Noch am Morgen hatte die Polizei bei einer Razzia Waffen sichergestellt. Die Menschen der Mahnwache bejubelte den Auszug der Extremisten.

Faßberg/Lüneburg. Gekommen sind die Neonazis vor über zwei Wochen heimlich, bei Nacht, haben Schlösser aufgebohrt, das Hotel in Faßberg besetzt. Gestern bei strahlendem Sonnenschein gegen 15.30 Uhr war es endlich so weit: Sieben meist junge Männer und ein junges Mädchen - alle vermummt - kommen gezwungenermaßen aus dem verwahrlosten Hotel, ziehen ab. Das löste Jubel aus und Klatschen bei der Schar von Hunderten Gegendemonstranten, die seit der Besetzung immer wieder hergekommen sind - zur Mahnwache gegen das, was ihr Bürgermeister Hans-Werner Schlitte "braunen Spuk" nennt.

Eine Frau gesteht unumwunden, dass sie Angst gehabt hat vor den meist kräftigen und aggressiv auftretenden jungen Neonazis, und eine andere Demonstrantin warnte gestern auch vor zu großer Freude: "Das ist noch nicht vom Tisch." Tatsächlich ist die Räumung nur ein Etappensieg bei dem Versuch zu verhindern, dass in der 7000-Einwohner-Gemeinde im Landkreis Celle ein NPD-Schulungszentrum entsteht.

Bei der Besetzung hat der Hamburger Anwalt und Neonazi Jürgen Rieger die Fäden gezogen, gestern aber hat das Landgericht Lüneburg ihm einen ersten Strich durch die Rechnung gemacht. Die Besetzung des Hotels durch seine Anhänger war eine "verbotene Eigenmacht", verletzte die Rechte des Zwangsverwalters, der das Gebäude im Auftrag der Gemeinde versteigern soll.
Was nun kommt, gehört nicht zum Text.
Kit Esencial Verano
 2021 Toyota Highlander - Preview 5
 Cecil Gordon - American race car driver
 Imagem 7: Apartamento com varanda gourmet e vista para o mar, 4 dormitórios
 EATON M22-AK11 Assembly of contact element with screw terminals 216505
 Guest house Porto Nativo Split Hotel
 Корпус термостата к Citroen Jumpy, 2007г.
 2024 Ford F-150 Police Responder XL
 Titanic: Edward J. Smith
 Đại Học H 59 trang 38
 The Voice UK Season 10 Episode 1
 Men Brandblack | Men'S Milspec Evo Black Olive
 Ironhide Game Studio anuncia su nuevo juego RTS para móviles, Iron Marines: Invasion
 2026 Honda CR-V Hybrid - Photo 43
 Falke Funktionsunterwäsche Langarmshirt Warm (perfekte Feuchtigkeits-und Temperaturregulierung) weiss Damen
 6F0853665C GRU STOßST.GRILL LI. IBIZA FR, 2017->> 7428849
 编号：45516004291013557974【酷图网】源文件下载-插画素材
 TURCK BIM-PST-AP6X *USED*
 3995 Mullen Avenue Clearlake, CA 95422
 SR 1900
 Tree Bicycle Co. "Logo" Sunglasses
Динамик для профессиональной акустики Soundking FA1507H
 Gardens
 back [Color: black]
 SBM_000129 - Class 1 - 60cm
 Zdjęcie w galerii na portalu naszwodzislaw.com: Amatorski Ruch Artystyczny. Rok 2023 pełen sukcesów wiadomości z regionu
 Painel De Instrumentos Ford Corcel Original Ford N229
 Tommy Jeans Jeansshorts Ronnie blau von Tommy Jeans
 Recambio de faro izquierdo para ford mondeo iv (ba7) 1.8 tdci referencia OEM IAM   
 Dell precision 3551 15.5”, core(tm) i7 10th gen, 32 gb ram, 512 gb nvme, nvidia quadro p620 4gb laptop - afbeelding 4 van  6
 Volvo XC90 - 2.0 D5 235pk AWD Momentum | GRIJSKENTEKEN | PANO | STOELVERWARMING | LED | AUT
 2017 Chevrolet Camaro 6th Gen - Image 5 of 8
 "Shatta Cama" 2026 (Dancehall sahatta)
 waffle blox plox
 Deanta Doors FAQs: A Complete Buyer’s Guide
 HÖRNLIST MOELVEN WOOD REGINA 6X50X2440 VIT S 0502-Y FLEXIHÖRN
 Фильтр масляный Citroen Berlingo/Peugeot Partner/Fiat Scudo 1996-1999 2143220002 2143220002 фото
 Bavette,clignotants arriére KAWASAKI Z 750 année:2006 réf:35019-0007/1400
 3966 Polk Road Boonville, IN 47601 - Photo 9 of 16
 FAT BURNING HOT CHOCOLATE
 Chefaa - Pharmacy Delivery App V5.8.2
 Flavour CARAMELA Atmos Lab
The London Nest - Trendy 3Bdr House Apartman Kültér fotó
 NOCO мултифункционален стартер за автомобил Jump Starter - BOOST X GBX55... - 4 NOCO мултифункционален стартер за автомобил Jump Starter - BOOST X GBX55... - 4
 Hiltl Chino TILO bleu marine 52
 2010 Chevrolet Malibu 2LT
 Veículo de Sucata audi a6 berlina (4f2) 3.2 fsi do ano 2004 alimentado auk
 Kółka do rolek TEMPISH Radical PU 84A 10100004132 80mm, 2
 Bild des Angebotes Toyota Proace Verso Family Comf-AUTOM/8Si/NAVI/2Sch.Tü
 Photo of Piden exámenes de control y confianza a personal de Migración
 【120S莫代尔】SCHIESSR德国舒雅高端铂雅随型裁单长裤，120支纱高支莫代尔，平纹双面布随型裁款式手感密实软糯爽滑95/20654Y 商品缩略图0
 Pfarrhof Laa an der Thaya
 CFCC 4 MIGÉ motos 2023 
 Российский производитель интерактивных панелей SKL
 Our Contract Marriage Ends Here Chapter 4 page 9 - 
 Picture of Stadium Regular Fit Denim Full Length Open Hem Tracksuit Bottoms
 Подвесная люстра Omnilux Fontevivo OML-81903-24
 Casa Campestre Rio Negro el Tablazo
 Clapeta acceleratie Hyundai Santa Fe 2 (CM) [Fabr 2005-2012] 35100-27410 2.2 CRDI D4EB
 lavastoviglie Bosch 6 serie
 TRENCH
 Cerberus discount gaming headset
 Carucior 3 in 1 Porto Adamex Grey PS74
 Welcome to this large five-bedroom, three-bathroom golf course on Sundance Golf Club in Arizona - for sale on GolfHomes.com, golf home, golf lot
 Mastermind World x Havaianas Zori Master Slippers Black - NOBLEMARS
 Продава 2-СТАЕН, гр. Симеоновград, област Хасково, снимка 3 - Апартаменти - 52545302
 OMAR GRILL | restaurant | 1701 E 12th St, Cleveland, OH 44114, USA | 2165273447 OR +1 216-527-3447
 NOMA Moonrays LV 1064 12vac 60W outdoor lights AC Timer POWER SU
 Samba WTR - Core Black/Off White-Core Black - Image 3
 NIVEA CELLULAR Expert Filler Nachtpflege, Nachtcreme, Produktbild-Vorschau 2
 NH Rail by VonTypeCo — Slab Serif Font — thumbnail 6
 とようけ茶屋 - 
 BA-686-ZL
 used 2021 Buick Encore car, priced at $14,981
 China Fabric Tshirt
Allerdings machte das Gericht auch deutlich, dass es sich hier nur um eine "vorläufige Besitzausübungsregelung handelt". Erst im Hauptsacheverfahren wird sich zeigen, ob Riegers Pachtvertrag für das Hotel Bestand hat oder ob dieser Vertrag sittenwidrig ist und zudem möglicherweise nachträglich geschlossen wurde. Das will der Zwangsverwalter beweisen.

Immerhin: Das Gebäude steht wieder leer, die Neonazis sind weg, und Günter Heiß, Chef des Verfassungsschutzes in Niedersachsen, zeigte vor Ort in Faßberg offen Genugtuung: "Rieger hat den Mund zu voll genommen, er ist jetzt der Getriebene." Das spielt an auf die Einschätzung des Verfassungsschützers, dass Rieger im Fall Faßberg unter Erfolgszwang steht. Er ist Vizechef der rechtsextremistischen NPD, für die er schon lange ein solches Schulungszentrum sucht. Bei Versuchen in Dörverden, Hameln und Delmenhorst ist er bereits gescheitert.

Dass die Polizei durchgreift, wo immer möglich, haben die Rieger-Anhänger in Faßberg nicht nur zu spüren bekommen, als sie packen mussten: Sie sind gestern bereits unsanft und früh geweckt worden. Um 5.15 Uhr bereits ist die Polizei angerückt, hat über mehrere Stunden das weitläufige Gelände und den Hotelkomplex sowie zwei Wohnungen in Rotenburg und Hannover durchsucht. Gefunden wurden drei Schreckschusspistolen, Waffenattrappen, ein Schlagring, ein Butterflymesser, ein Teleskopschlagstock. Vier Jugendliche zwischen 15 und 17 Jahren, die im Hotel waren, wurden in die Obhut des Jugendamtes gegeben.

Politiker diskutieren darüber, ob man Rieger nicht grundsätzlich das Handwerk legen kann. Die niedersächsischen Grünen etwa verlangen, ihm die Anwaltslizenz zu entziehen: "Wer so offenkundig und wiederholt gegen Recht und Gesetz verstößt, ist als Organ der Rechtspflege untragbar." Die Linksfraktion im Landtag verlangt von Innenminister Uwe Schünemann (CDU), "die Gefahr des Rechtsextremismus endlich ernst zu nehmen". Konkret soll Schünemann die "Kameradschaft 73 Celle" verbieten. Deren Mitglieder waren in Faßberg als "Bewachungspersonal" aktiv. Jetzt ist ein richtiger Sicherheitsdienst vor Ort, im Auftrag des Zwangsverwalters.